_Work instructions:_ Only the lines from the one containing "Tamanu Arnica. Заспокійливий" through the end of the entries should be repeated, exactly as they appear, first and last included.

++++ Input material

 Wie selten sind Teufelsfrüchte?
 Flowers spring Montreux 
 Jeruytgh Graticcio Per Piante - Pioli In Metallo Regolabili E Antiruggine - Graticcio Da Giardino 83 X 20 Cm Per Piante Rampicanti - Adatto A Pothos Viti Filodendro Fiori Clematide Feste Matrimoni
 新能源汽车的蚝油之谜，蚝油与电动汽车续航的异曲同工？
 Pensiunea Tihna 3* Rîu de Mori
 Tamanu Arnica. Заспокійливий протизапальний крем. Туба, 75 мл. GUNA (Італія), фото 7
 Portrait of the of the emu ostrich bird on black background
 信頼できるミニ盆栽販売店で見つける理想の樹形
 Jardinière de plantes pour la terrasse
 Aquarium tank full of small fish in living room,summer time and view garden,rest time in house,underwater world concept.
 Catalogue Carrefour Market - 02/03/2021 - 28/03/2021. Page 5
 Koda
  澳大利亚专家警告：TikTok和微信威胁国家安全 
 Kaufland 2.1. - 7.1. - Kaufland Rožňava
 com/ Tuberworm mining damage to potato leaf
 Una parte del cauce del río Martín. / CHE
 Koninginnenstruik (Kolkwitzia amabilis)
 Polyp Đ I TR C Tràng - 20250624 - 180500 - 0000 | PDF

++++++++

_Answer to the exercise:_
 Tamanu Arnica. Заспокійливий протизапальний крем. Туба, 75 мл. GUNA (Італія), фото 7
 Portrait of the of the emu ostrich bird on black background
 信頼できるミニ盆栽販売店で見つける理想の樹形
 Jardinière de plantes pour la terrasse
 Aquarium tank full of small fish in living room,summer time and view garden,rest time in house,underwater world concept.
 Catalogue Carrefour Market - 02/03/2021 - 28/03/2021. Page 5
 Koda
  澳大利亚专家警告：TikTok和微信威胁国家安全 
 Kaufland 2.1. - 7.1. - Kaufland Rožňava
 com/ Tuberworm mining damage to potato leaf
 Una parte del cauce del río Martín. / CHE
 Koninginnenstruik (Kolkwitzia amabilis)
 Polyp Đ I TR C Tràng - 20250624 - 180500 - 0000 | PDF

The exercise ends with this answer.